■ **ACTIVITY**
Given the material below, output exactly the lines from the line with "T-shirt in Beige" to the line with "Design pattern panel", both ends included, and no other lines.

■ **SUPPLIED RECORDS**
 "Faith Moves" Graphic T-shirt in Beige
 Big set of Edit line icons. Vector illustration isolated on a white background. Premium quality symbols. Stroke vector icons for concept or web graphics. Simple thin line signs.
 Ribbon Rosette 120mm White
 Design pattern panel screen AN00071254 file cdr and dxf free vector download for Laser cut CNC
==
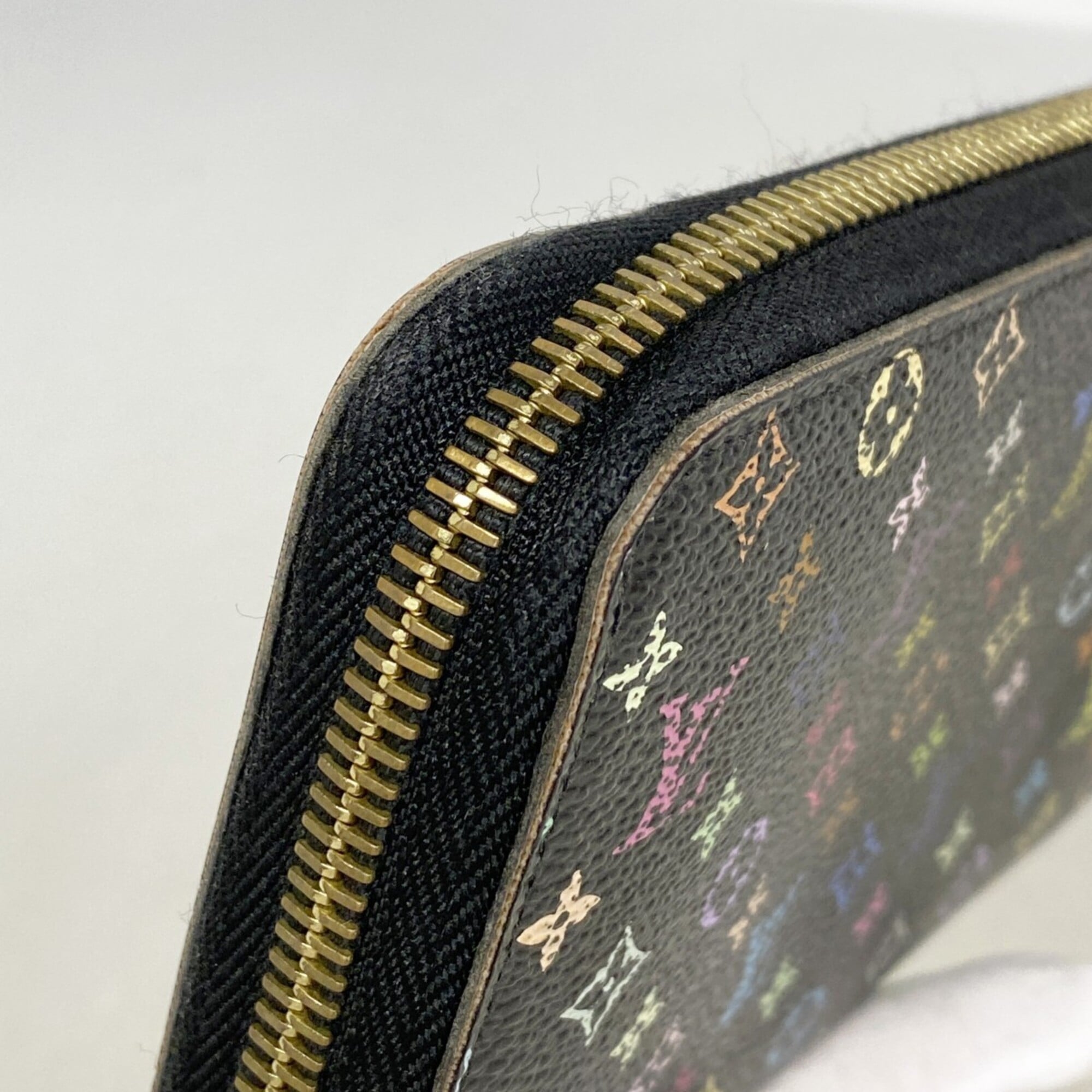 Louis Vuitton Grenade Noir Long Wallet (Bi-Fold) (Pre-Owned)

■ **OUTPUT OF THE TASK**
 "Faith Moves" Graphic T-shirt in Beige
 Big set of Edit line icons. Vector illustration isolated on a white background. Premium quality symbols. Stroke vector icons for concept or web graphics. Simple thin line signs.
 Ribbon Rosette 120mm White
 Design pattern panel screen AN00071254 file cdr and dxf free vector download for Laser cut CNC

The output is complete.